I, for one, find email a boon and a blessing. Apart from the tedious spam. I had no idea of the part Noel Morris played in its early development. 'The idea of sending "letters" using CTSS was resisted by management, as a waste of resources.' No comment. (Link.)

I found that bit of history in this interesting article by Errol Morris. There's more good stuff on Tom Van Vleck's web site, too. This on "Management Tactics", for example:

Upper managers, especially, tend to get their bad news late, filtered, and de-emphasized. Occasional contact with the front line folks might provide another channel for information to flow, if the manager can listen.
Rewarding a programmer with serious attention, and the tools needed to do a good job, makes a lot more sense than handing out monogrammed items.

Tom Van Vleck in his web site


I still smile when I recall watching a senior manager in the IBM Hursley Lab chucking out the heap of "recognition" plaques he'd accumulated over many years as he was clearing his office to take an assisted passage to the real (that is, non-IBM) world.

PM

As I listen to the BBC radio's gloomy NATO? Secretary General / spokesman with his Libyan news and military propaganda (and, if we're honest, an assessment of little or nothing to show for three months of bombing) I confess I also find myself a) feeling rather hungry, and b) exploring the many OCR options here, starting with the simple freebie. What a species we are, to be sure.

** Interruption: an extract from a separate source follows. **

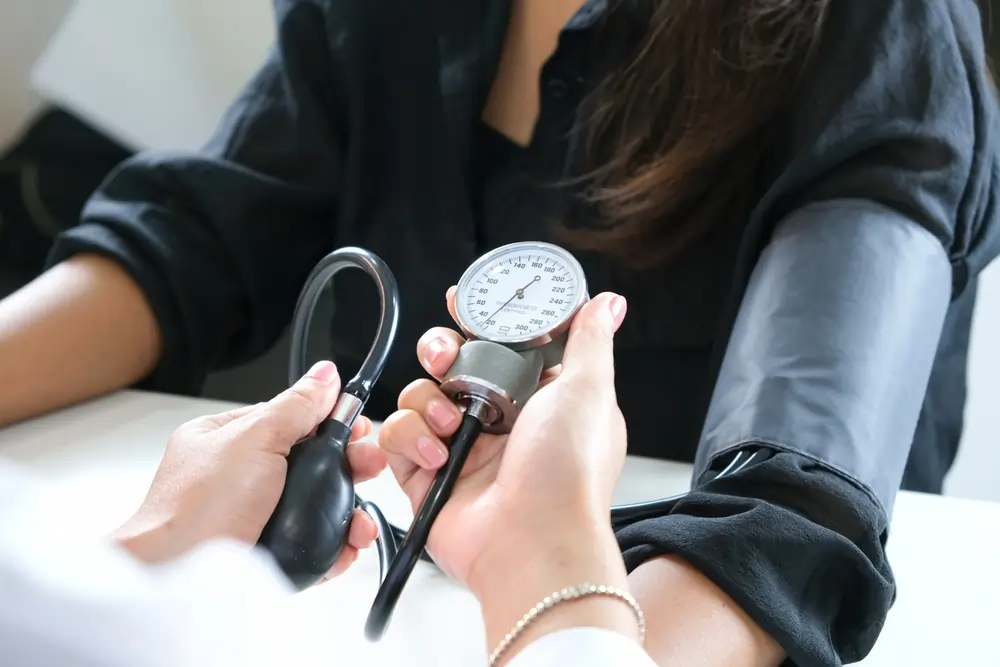 Blood pressure measurement using digital BP monitor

While waiting for the ambient temperature in my kitchen to take the chill off my intended roast chicken and salad, let's see how my initial attempt to do a tiny spot of OCR with this latest lump of bits turned out. Since I was leafing through my Taschen catalogue at the time, I scanned part of a column of text (at 300dpi greyscale), saved it as a TIFF, and fed it into "Simple OCR". Here's the input...

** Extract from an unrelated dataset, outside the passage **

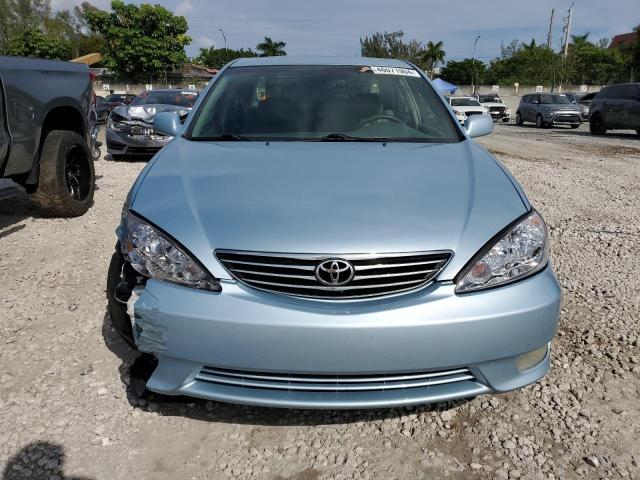 4T1BF30K65U598889 - 2005 TOYOTA CAMRY LE BLUE photo 5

Still a few bugs in the system

... and if you click the pic you'll see the resulting output. I think I'll be scratching this one off my little list. Right. Time (13:56) for that lunch.

Bother!

I'll also be scratching Ikea off my list of chosen suppliers of domestic accoutrements. That sharp cracking sound was the noise my new carpet guard makes when it splits as I wheel my lightweight office chair over it, with my admittedly not-quite-so-lightweight body on it. That was one of my shorter relationships, wasn't it? Less than two weeks. Mind you, buying it led (indirectly) to my discovery of the burst pipe under my hallway carpet. <Sigh>

That chap Oblomov had the right idea, if you ask me. As you can tell from this yellowing clipping from the "Radio Times"...

Oblomov

... (of the synopsis of the plot) that I keep in the cassette case of one of my 1970s BBC "Drama" recordings. I expect it was wiped a long time ago.

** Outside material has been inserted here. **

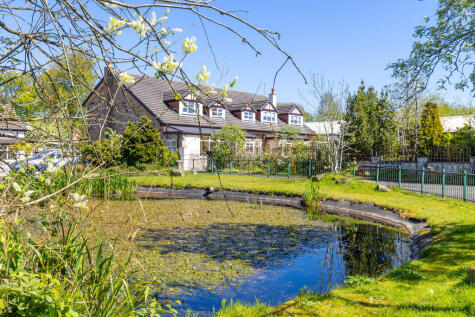 Carr Mill Road, Billinge, WN5 7TX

At 18:38 I'm recently back from a tea- and biscuit-seeking expotition over to Roger & Eileen. When I arrived he showed me a printout of my OCR test lifted from this web page and offered up to the OCR facility within his copy of Office Word — it did a well-nigh perfect job. Not that I see myself forking out for a copy of Microsoft Office in the near future. Actually, I bought Christa an OEM-licensed copy a few years ago, but that's doubtless locked away on her old Dell box, which hasn't now been switched on for nearly three years. I shall keep looking.

Time for my evening meal, methinks. [Pause] Followed by another small dose of "House". It's 20:15 and rather moist outside. Rules out my use of the clothesline, certainly. Ho-hum. Ever onward.

  

Footnote

1  Outside, I hasten to clarify (in case my plumber is reading this).